What are environmental influences on adult learning motivation?
4 answers
Environmental influences on adult learning motivation encompass various factors. The learning environment, including family, community, school, and friends, significantly impacts students' motivation and development. Additionally, the university environment and student satisfaction play crucial roles in shaping student learning motivation. Factors such as needs, rewards, interests, and the learning environment are identified as key influencers of learning motivation. Adult learners in online or blended learning environments value face-to-face interactions for enhanced learning but also appreciate the flexibility of distance learning moments. Moreover, motivation theorists highlight the environment's diverse roles in motivation, from providing external cues to shaping motivation through rewards and punishments or cultural scripts, impacting the design of motivating learning environments.

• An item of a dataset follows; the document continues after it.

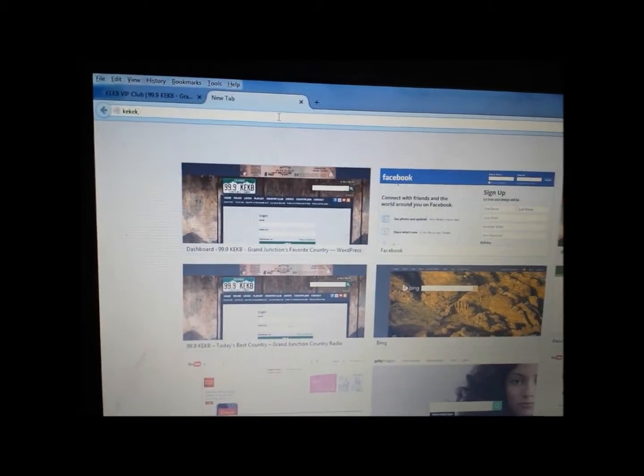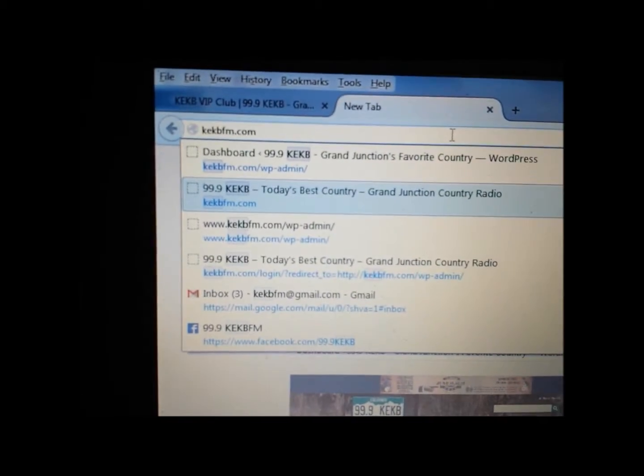So here we go. You enter our website, KEKBFM.com, right up here — and there we go — enter that there, and it'll take you to our fancy schmancy little website over here, and I'm going to show you real quick.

What are applications of LLMs in business?
4 answers
Large Language Models (LLMs) find applications in various business domains. They excel in tasks like natural language querying for process mining, financial information extraction from reports, and improving accuracy and efficiency in tasks such as translation, sentiment analysis, chatbots, and text classification. LLMs, like GPT-4, demonstrate human-level performance in answering questions and analyzing business processes, showcasing their potential to revolutionize natural language processing. Specifically, LLMs enhance the comprehension of hybrid text and tabular data, enabling automated extraction of critical information from complex documents like financial reports. These advancements highlight the versatility and effectiveness of LLMs in enhancing various business processes through natural language understanding and data extraction capabilities.